Most people are aware of chambers of commerce but aren’t quite sure what they do. Some believe chambers are part of the local government or think of them as “that organization that puts on the town festival.” Yes, chambers are often the organization putting on the festival and yes they frequently work with local governments; but in the U.S., they are not part of any government. They are independent member organizations and their members are businesses.
Business organizations promoting trade and commerce have existed for more than 4,000 years. In America, chambers got their start much like the United States did: opposing taxes. The Molasses Act of 1733 brought the Boston businesses together. In New York City, the 1765 Stamp Act was the catalyst for first official American chamber of commerce created in 1768. These new chambers in the colonies were different from the ones in Europe, which were part of government. In his book, “The Magicians of Main Street”, chamber of commerce historian Chris Mead describes these new American organizations as “relatively independent of government authority as they represented the commercial interests in an occasionally hostile and never easy mercantile environment.”

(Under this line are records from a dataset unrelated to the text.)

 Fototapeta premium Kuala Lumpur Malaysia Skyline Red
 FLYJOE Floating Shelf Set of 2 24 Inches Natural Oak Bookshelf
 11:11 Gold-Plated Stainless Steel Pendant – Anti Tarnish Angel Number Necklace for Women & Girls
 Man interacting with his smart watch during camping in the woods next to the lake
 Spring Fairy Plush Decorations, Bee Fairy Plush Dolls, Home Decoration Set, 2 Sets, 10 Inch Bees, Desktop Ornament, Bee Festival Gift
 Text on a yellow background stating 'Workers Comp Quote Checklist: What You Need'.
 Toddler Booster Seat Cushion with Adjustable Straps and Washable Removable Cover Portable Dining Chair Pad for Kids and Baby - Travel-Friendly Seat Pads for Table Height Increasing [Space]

As our country grew across the continent, so did the number of chambers of commerce. Business leaders rallied around initiatives to better their communities. The Erie Canal, which brought great prosperity to the Northeast, would likely not have been built if the New York Chamber and its business leaders had not lobbied so heavily for the project. In addition to lobbying for valuable infrastructure projects for their communities, chambers took on boosterism creating reasons for people to visit and spend money in their communities. Some famous local chamber of commerce boosterism projects include launching the Atlantic City Chamber’s Miss America Pageant and the Hollywood Chamber’s Stars of Hollywood Walk of Fame. The most interesting chamber initiative was the Chicago Association of Commerce’s Secret Six committee. Formed in the 1930s to address mob activity, the committee raised money to buy information used to help take down Al Capone and other gangsters.

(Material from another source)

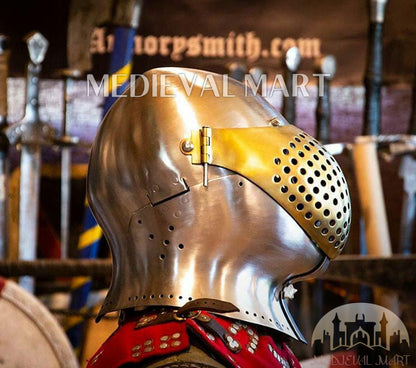 MEDIEVALMART British Ancient Battle Ready Warrior Bicoque Kasten-brust Helmet with Brass Face Mask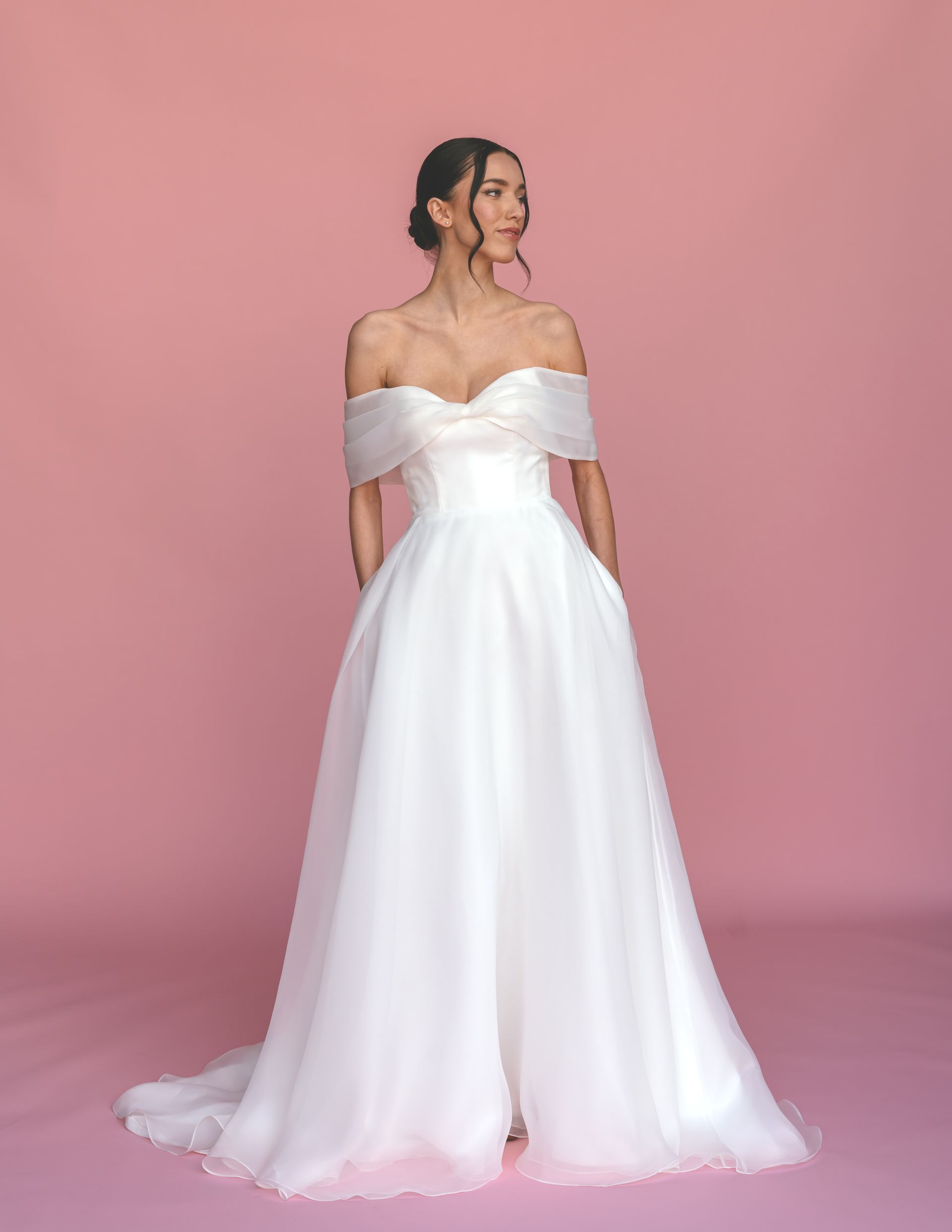 Satin organza, sweetheart neckline, pleated off shoulder straps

Until the 1970s, chambers of commerce almost solely supported their local businesses through advocacy and boosterism. In the latter half of the 20th century, chambers began offering ongoing programs to help members find more business or to improve operations. During that period that local governments looked to their local chamber’s expertise and connections and established contracts for specific business-related duties involving tourism or economic development marketing.

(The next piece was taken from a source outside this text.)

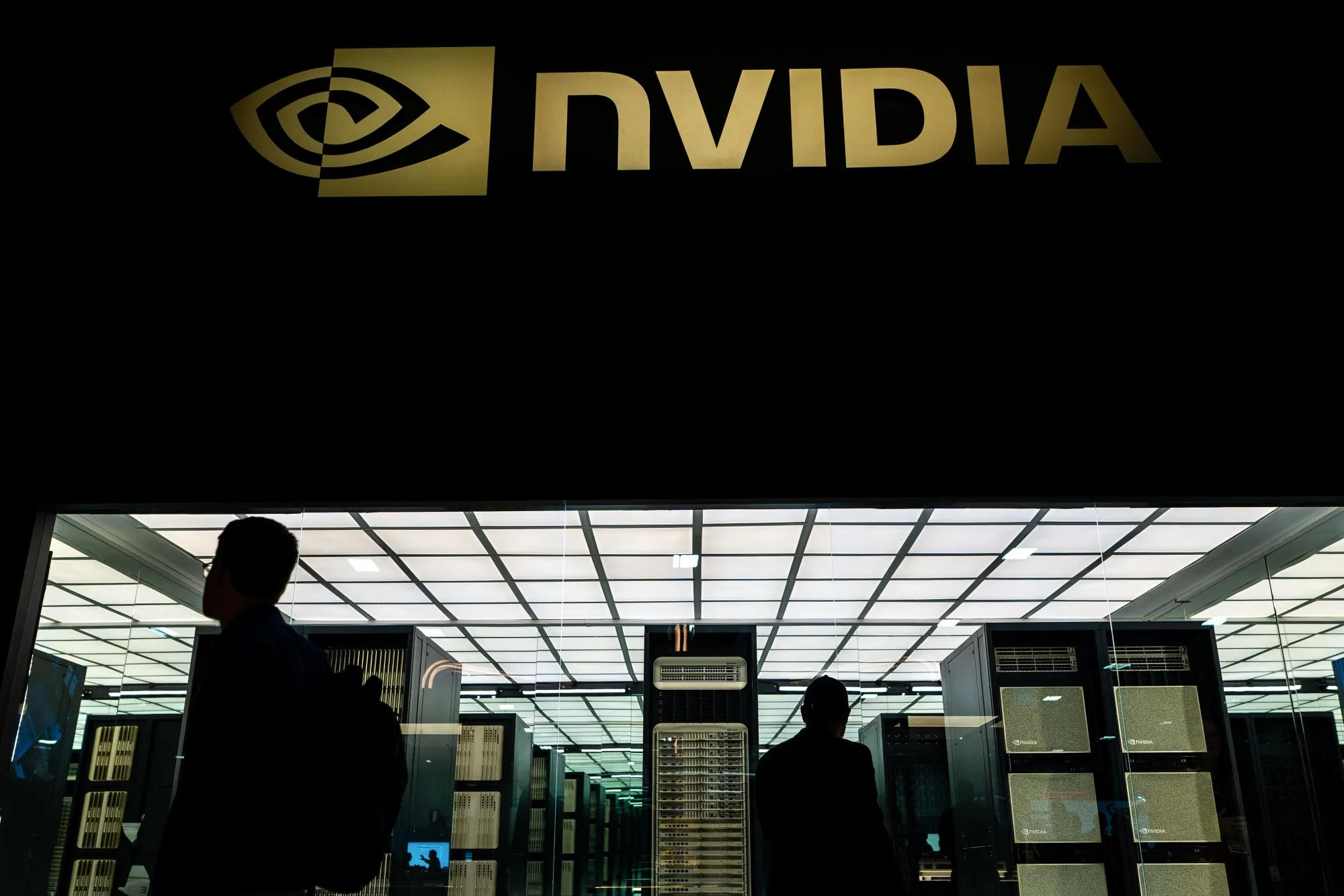 The Nvidia MGX at the company's booth during the Nvidia GTC (GPU Technology Conference) in Washington, DC, US, on Wednesday, Oct. 29, 2025. Nvidia Corp. achieved a historic $5 trillion market capitalization on Wednesday as Chief Executive Officer Jensen Huang's spree of deals catapults the artificial intelligence frenzy to new heights.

The needs of businesses have changed over the past 40 years and many of today’s jobs require brains versus brawn. Businesses demand a highly-skilled workforce and a community that offers a quality of life that attracts the best workers. Since businesses are more focused on workforce and quality of life, chambers are too. Initiatives to improve schools, build higher education facilities or attract more amenities to their community are priorities on many chambers’ programs of work.
The businesses that are engaged with the Fayette Chamber of Commerce expect the Chamber to provide opportunities to grow business as well as have a hand in building a desirable community. That is why the Chamber was the catalyst for Fayette Visioning. This bold plan focuses on taking Fayette County to the next level with a cadre of initiatives focused on prosperity, education, place and community. As Fayette Vision begins the real work of implementing the plan, the Chamber stands ready to do its part to make Fayette County the best it can be.